»»

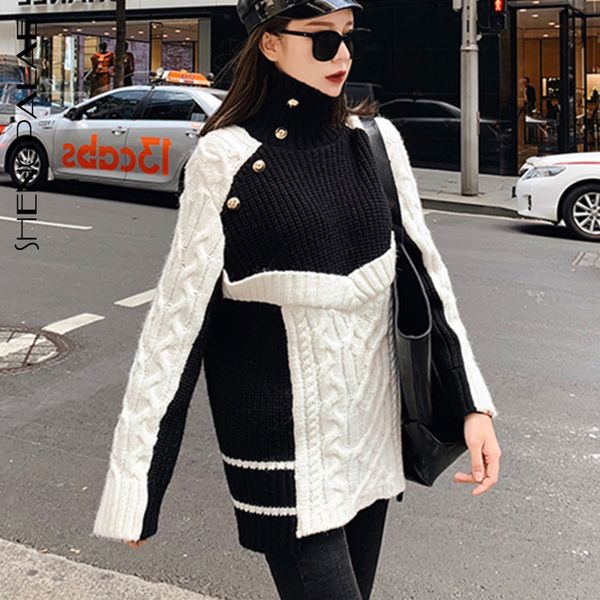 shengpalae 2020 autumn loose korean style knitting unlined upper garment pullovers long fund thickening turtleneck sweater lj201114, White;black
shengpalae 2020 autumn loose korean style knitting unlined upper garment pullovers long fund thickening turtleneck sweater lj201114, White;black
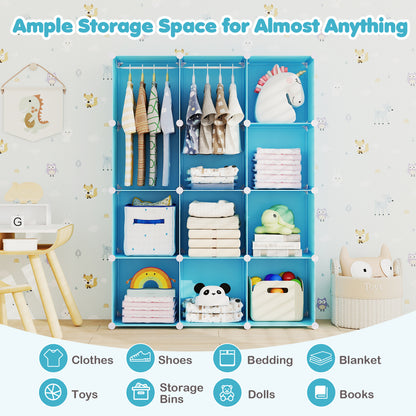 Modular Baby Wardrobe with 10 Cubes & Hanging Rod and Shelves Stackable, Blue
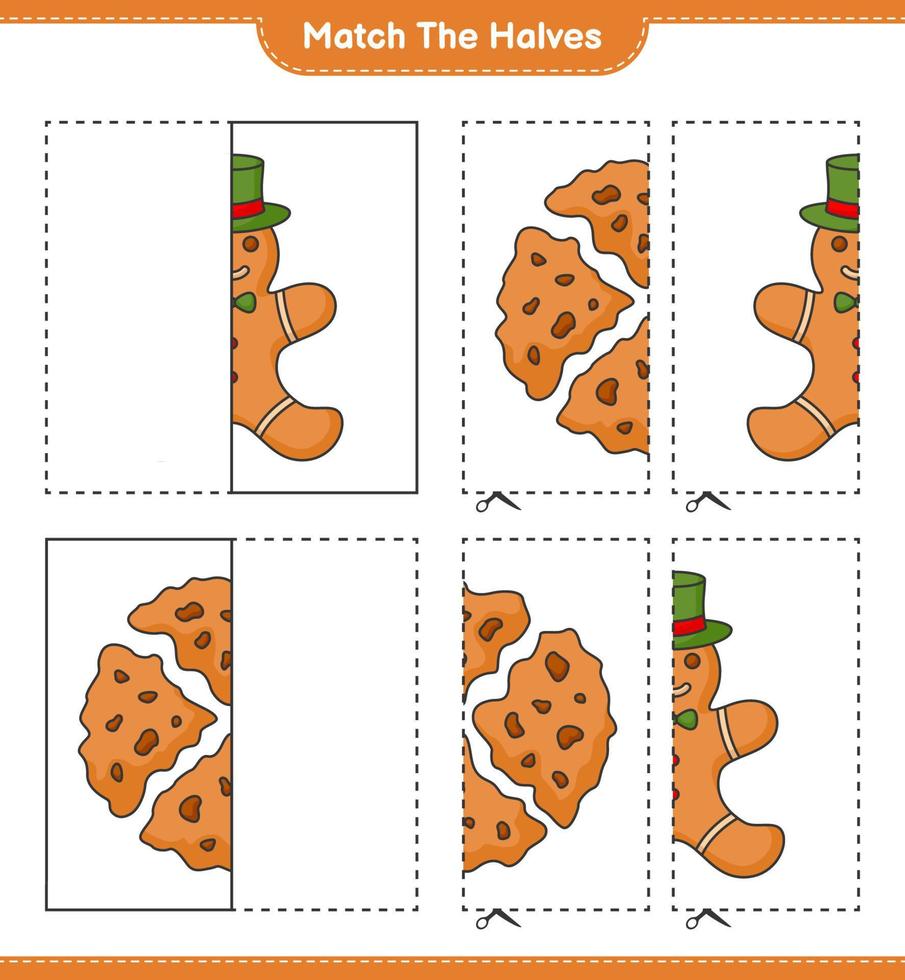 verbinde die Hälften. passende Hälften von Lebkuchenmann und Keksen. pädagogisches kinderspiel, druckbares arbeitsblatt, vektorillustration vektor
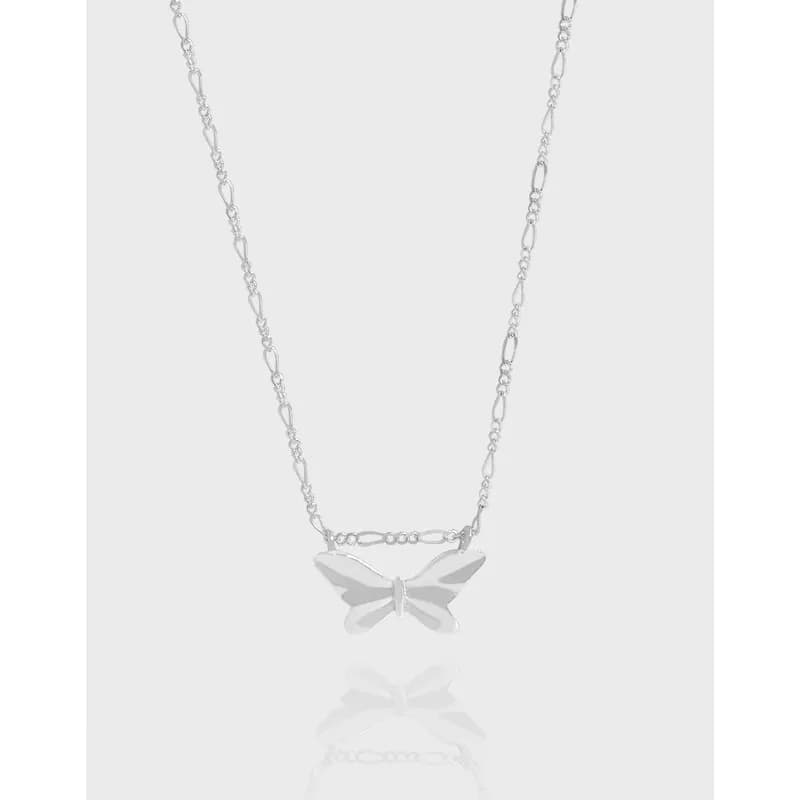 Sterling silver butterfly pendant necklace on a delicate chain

««

## Required work
Could the listing above be printed again in full, with every picture omitted?

## Exercise result
 shengpalae 2020 autumn loose korean style knitting unlined upper garment pullovers long fund thickening turtleneck sweater lj201114, White;black
shengpalae 2020 autumn loose korean style knitting unlined upper garment pullovers long fund thickening turtleneck sweater lj201114, White;black
 Modular Baby Wardrobe with 10 Cubes & Hanging Rod and Shelves Stackable, Blue
 verbinde die Hälften. passende Hälften von Lebkuchenmann und Keksen. pädagogisches kinderspiel, druckbares arbeitsblatt, vektorillustration vektor
 Sterling silver butterfly pendant necklace on a delicate chain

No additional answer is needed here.